● **What this task involves**: Output every record verbatim, and omit each picture.

● **Data**:
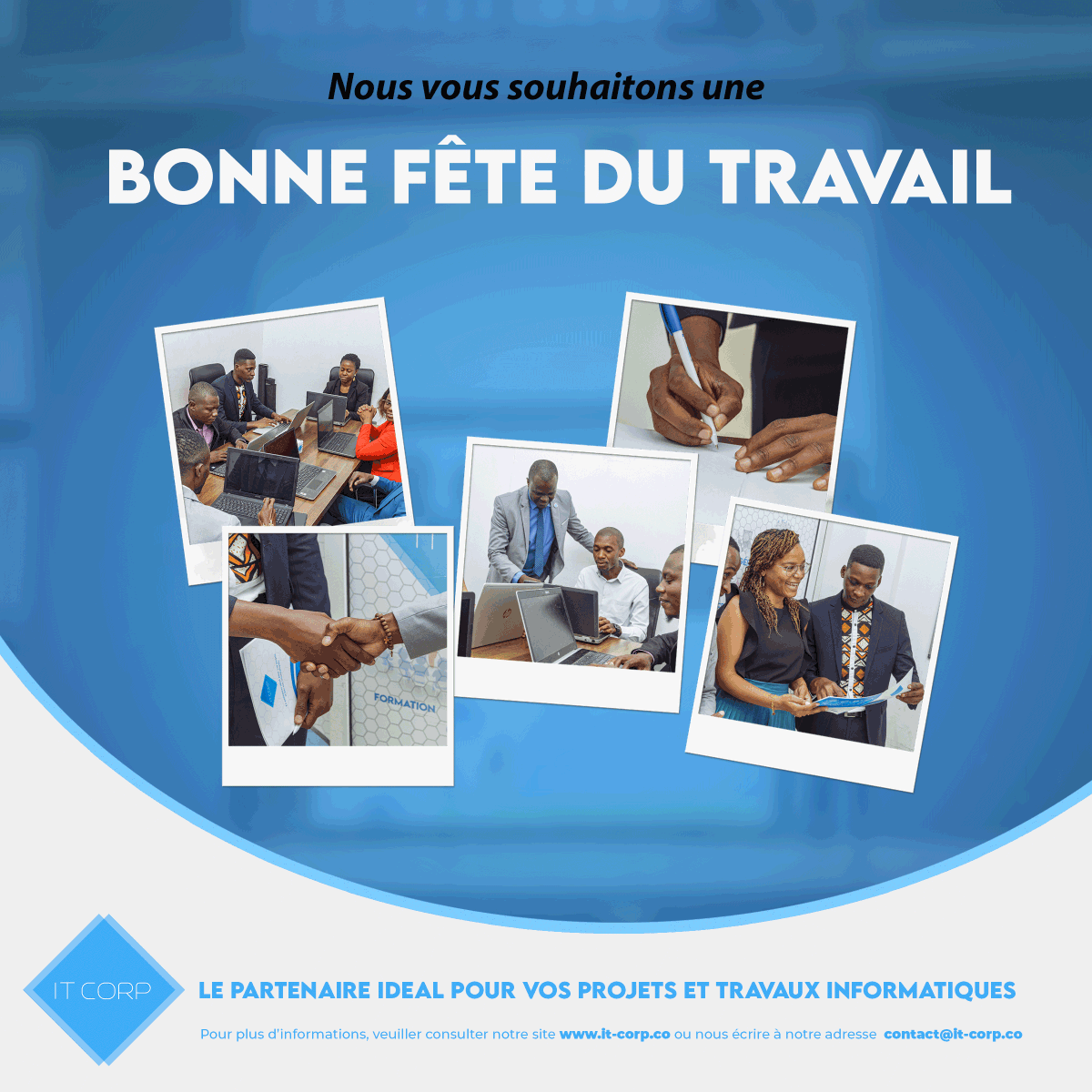 itcorpga's tweet photo. Bonne fête du travail!

#itcorpga #logiciel #software #digitalisation #softwaredevelopment #digital #application #IT #itservices #mobileapp #mobile #apps https://t.co/VSpVzFBRb6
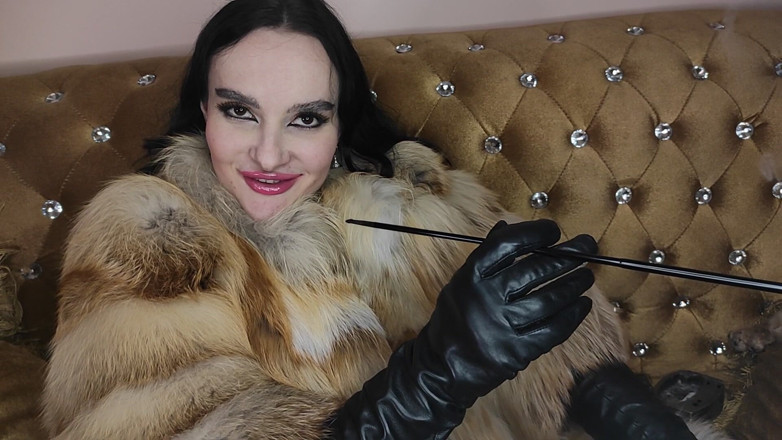 Princess18_: เทพธิดาขนสัตว์สูบบุหรี่เซ็กซี่
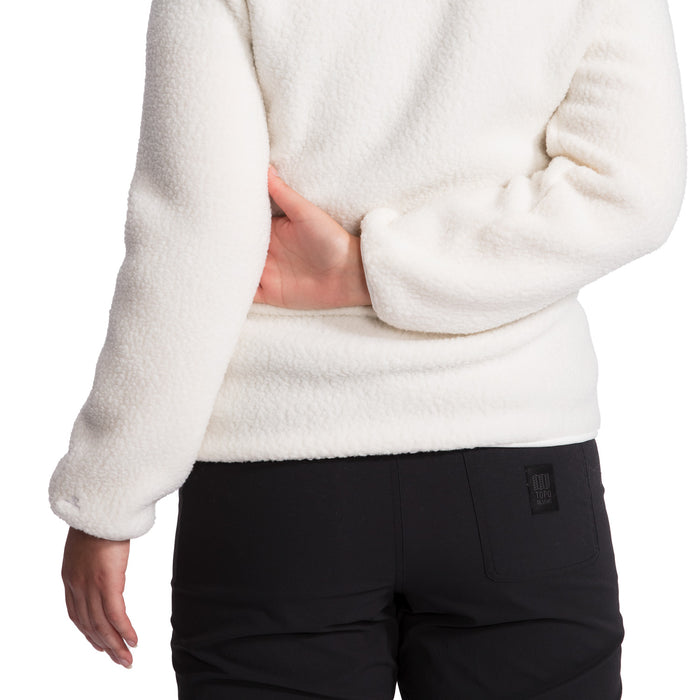 evo Madison High Pile Jacket - Women's Off White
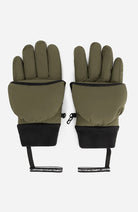 MAIUM wanten army green van 100% gerecycled polyester dames | Sophie Stone 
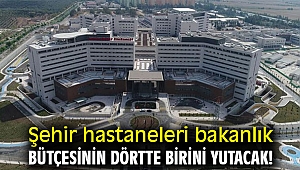 CHP'li Sındır, “şehir hastaneleri bakanlık bütçesinin dörtte birini yutacak!”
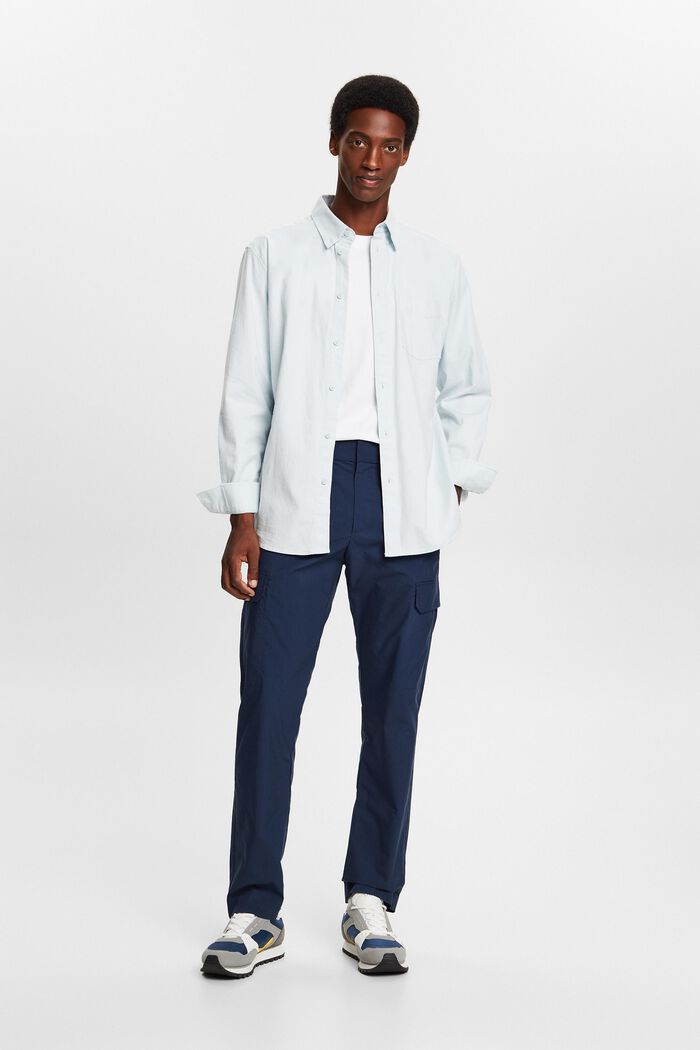 Twill-Hemd in normaler Passform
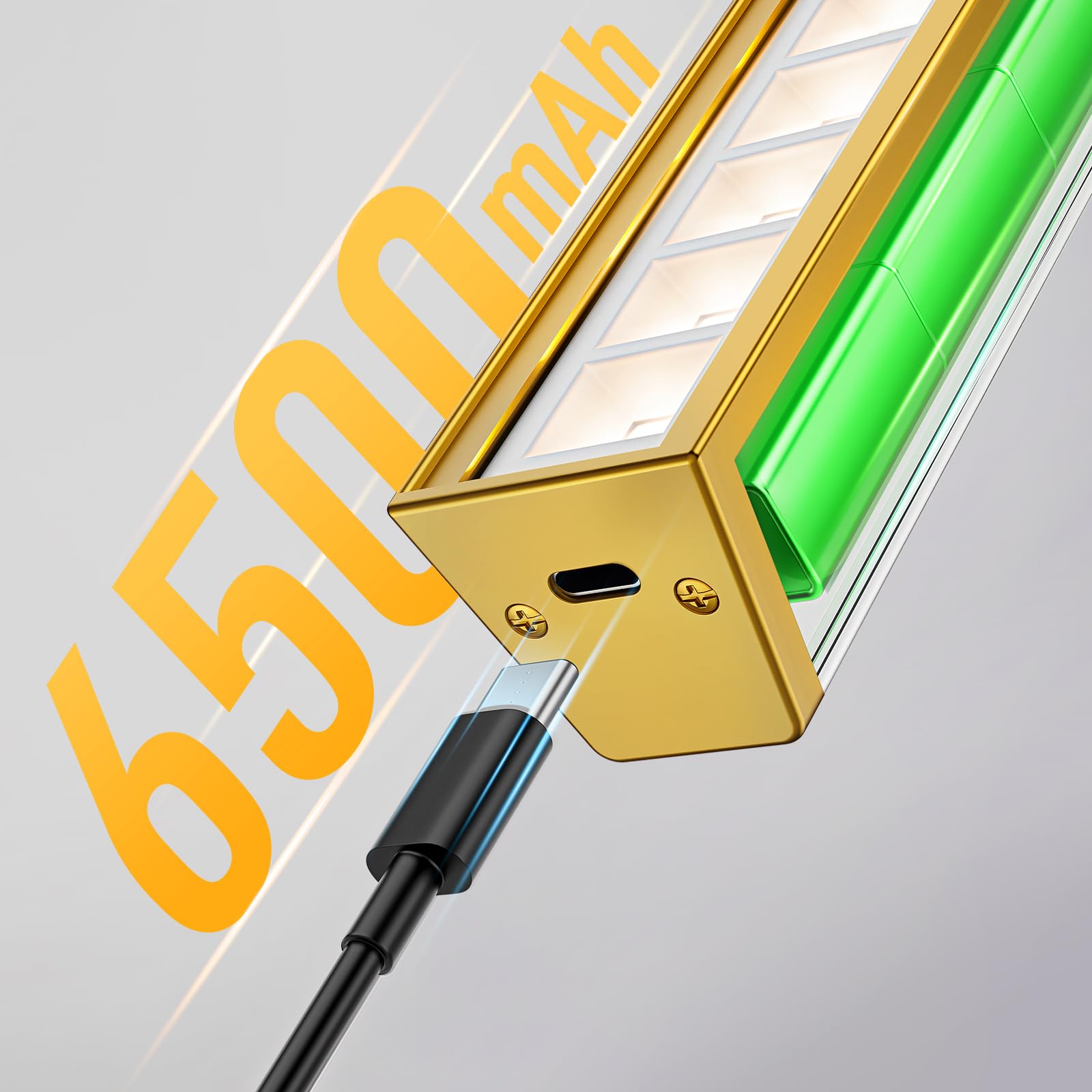 Picture Lights For Wall, Battery Operated Picture Light 24In Gallery Light For Paintings Cct Dimmable Recharging Battery Wall Li
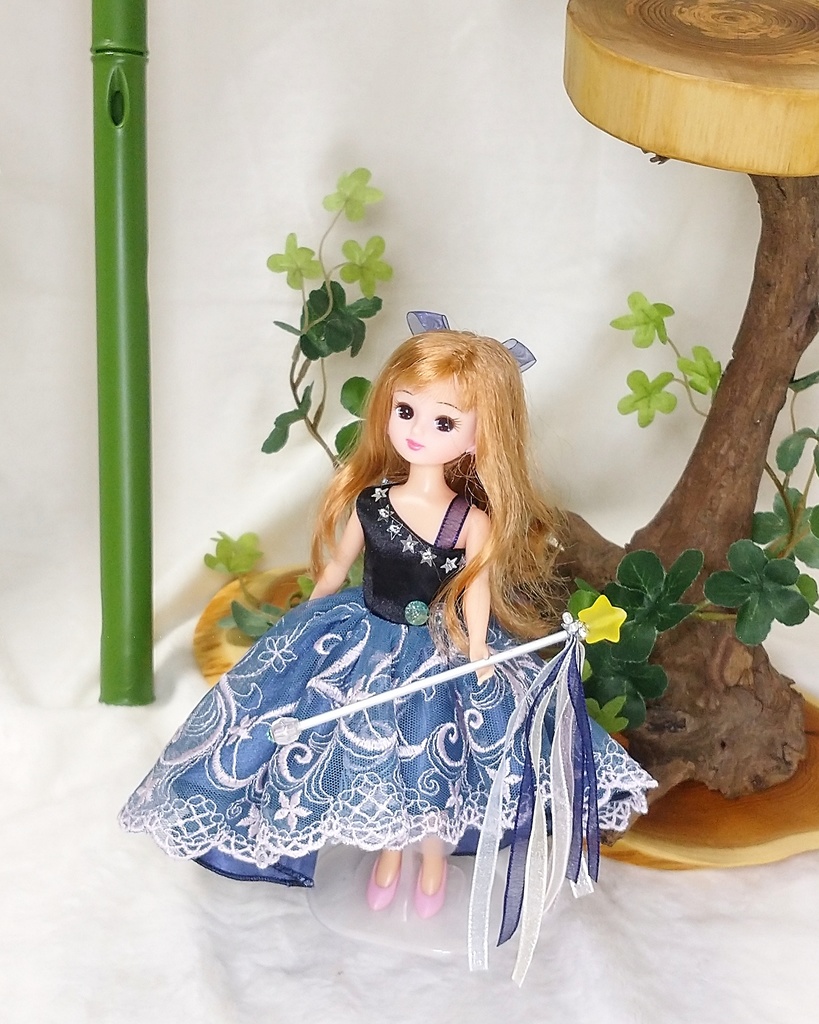 童話ドレス(1/6サイズ)【ネコポス同梱不可】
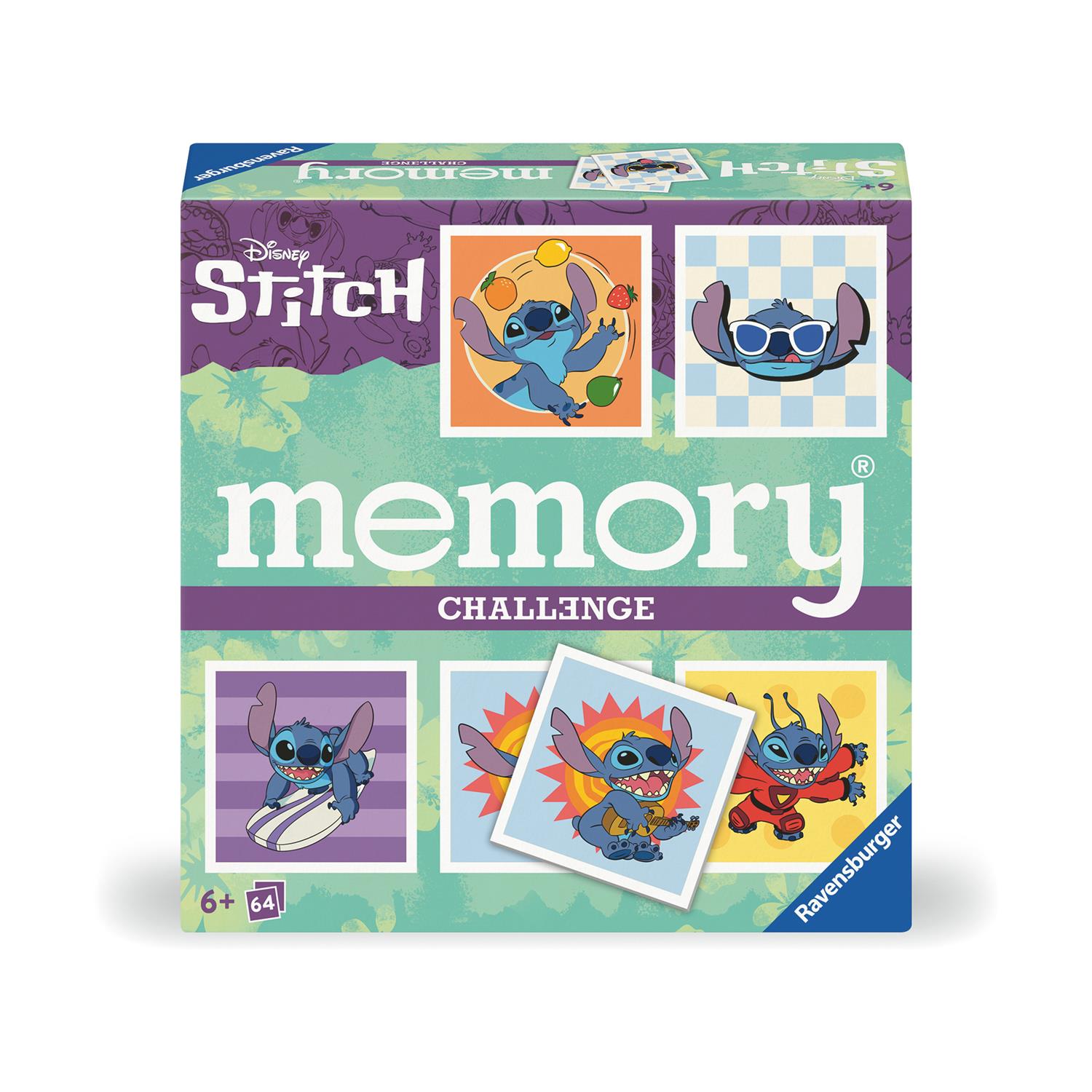 Ravensburger Disney: Memory: Challenge - Stitch (24697) Ravensburger Disney: Memory: Challenge - Stitch (24697)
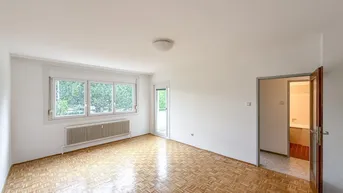 Expose Wohnung in Grünruhelage mit Loggia, mitten in der Südstadt!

● **Response**:
 itcorpga's tweet photo. Bonne fête du travail!

#itcorpga #logiciel #software #digitalisation #softwaredevelopment #digital #application #IT #itservices #mobileapp #mobile #apps https://t.co/VSpVzFBRb6
 Princess18_: เทพธิดาขนสัตว์สูบบุหรี่เซ็กซี่
 evo Madison High Pile Jacket - Women's Off White
 MAIUM wanten army green van 100% gerecycled polyester dames | Sophie Stone 
 CHP'li Sındır, “şehir hastaneleri bakanlık bütçesinin dörtte birini yutacak!”
 Twill-Hemd in normaler Passform
 Picture Lights For Wall, Battery Operated Picture Light 24In Gallery Light For Paintings Cct Dimmable Recharging Battery Wall Li
 童話ドレス(1/6サイズ)【ネコポス同梱不可】
 Ravensburger Disney: Memory: Challenge - Stitch (24697) Ravensburger Disney: Memory: Challenge - Stitch (24697)
 Expose Wohnung in Grünruhelage mit Loggia, mitten in der Südstadt!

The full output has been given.